UK Parliament / Open data

Financial Services Bill

Proceeding contribution from Lord Sassoon (Conservative) in the House of Lords on Monday, 12 November 2012. It occurred during Debate on bills on Financial Services Bill.

My Lords, I spoke about the role of the Parliamentary Commission on Banking Standards when discussing the previous group of amendments. I am sorry that the noble Lord, Lord Barnett, doubts the seriousness with which the Government intend to take its recommendations. It is a joint commission of the two Houses—something that any Government would take extremely seriously. We acted to initiate the setting up of the commission so I am disappointed that the noble Lord seeks to tweak my tail on this one. When it comes to a legislative vehicle, I could not have made it plainer that we have already published a draft Bill. The Financial Services (Banking Reform) Bill is on its way. That provides potentially a perfect legislative vehicle if there are things that come out of the commission, as no doubt there will be, that require legislation. The issues raised by Amendments 25C, 25E and 26C are firmly within the remit of the commission and it would be wholly inappropriate for us to jump the gun in a semi-considered way rather than waiting for the magisterial output of the commission in a short time.
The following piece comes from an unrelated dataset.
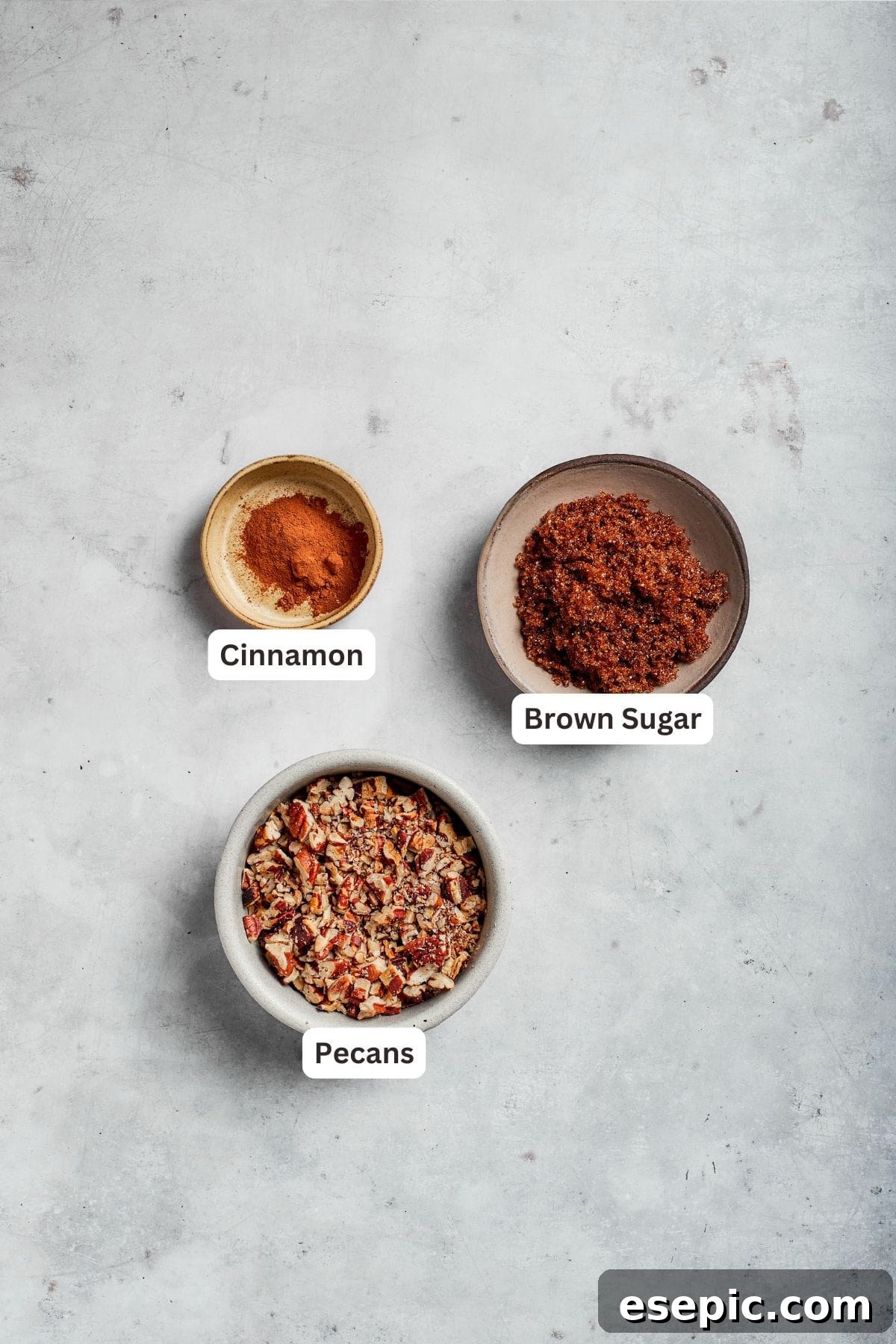 Filling ingredients for sock it to me cake text-labeled, showing chopped toasted pecans, brown sugar, and cinnamon.
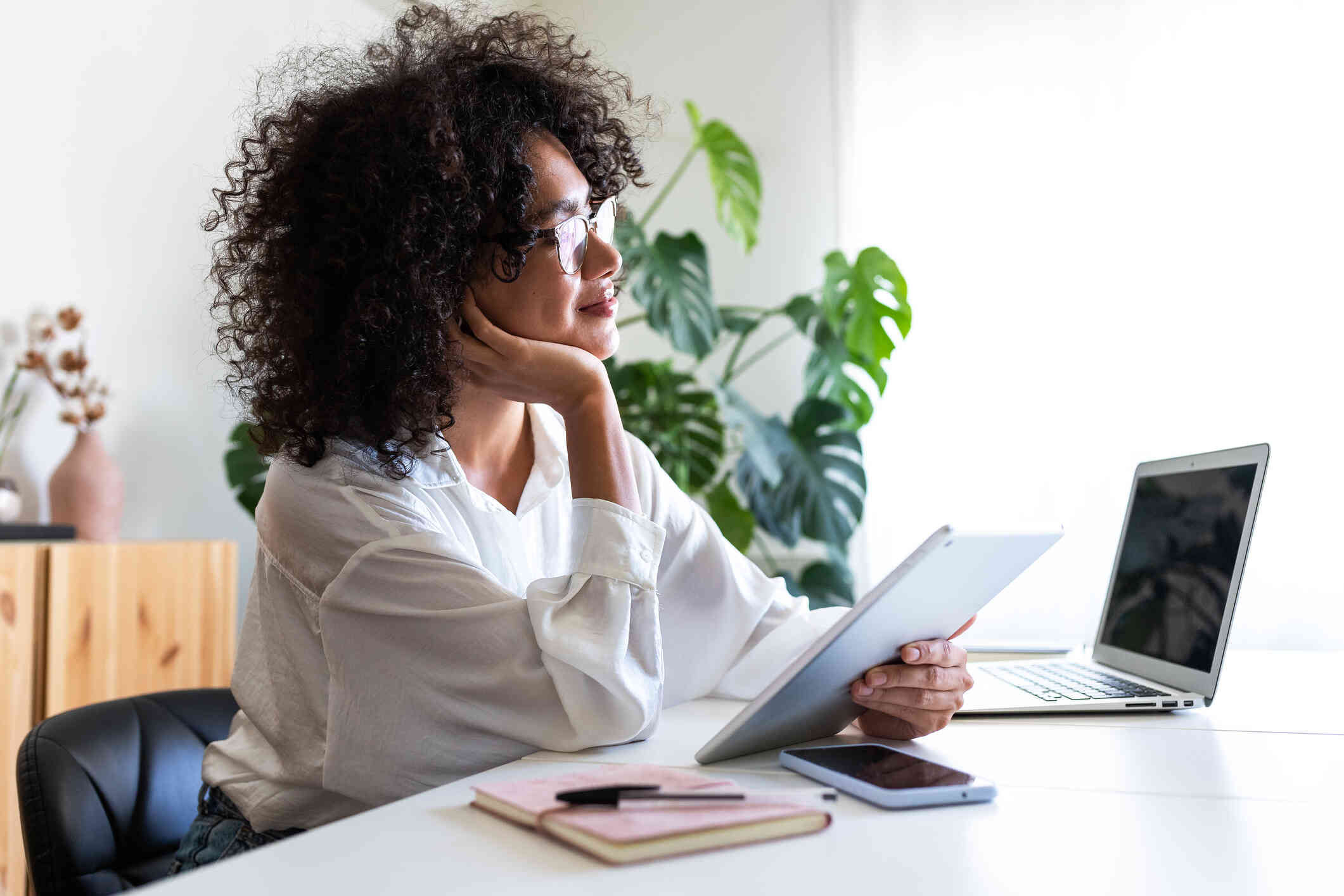 A woman in a white shirts smiles into the distance as she holds a tablet in her hand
Amendment 26D would add a new paragraph (f) to proposed new Section 1D(2) to be inserted in FiSMA 2000 under this Bill. It refers to,

“the fairness and integrity of policy and conduct of those directing or operating in the financial markets”.

That is on the same theme but seeks to place specific emphasis on issues of integrity and fairness by making changes to the FCA’s objectives. As we have heard from my noble friend Lord Phillips of Sudbury, Amendment 27A would specify that, in considering the effectiveness of competition, the FCA may have regard to the extent to which the,

“methods or culture of any competition may undermine the integrity objective”.

I sympathise with the amendment to the extent that it is clear that when the FCA considers taking action, it will need to consider all its objectives. Recent events have demonstrated how important it is that the regulator has a mandate to take action to protect and enhance the integrity of the UK financial system.

The Government have given the FCA the three operational objectives, as we have been reminded, of competition, consumer protection and integrity so that it determines the right balance between them in individual cases. The regulator cannot unduly prioritise any one objective and neglect to consider the others. My noble friend Lord Hodgson of Astley Abbotts has already given another construction, which perhaps is more balanced, of proposed new Section 1B(4) and I am grateful to him for that.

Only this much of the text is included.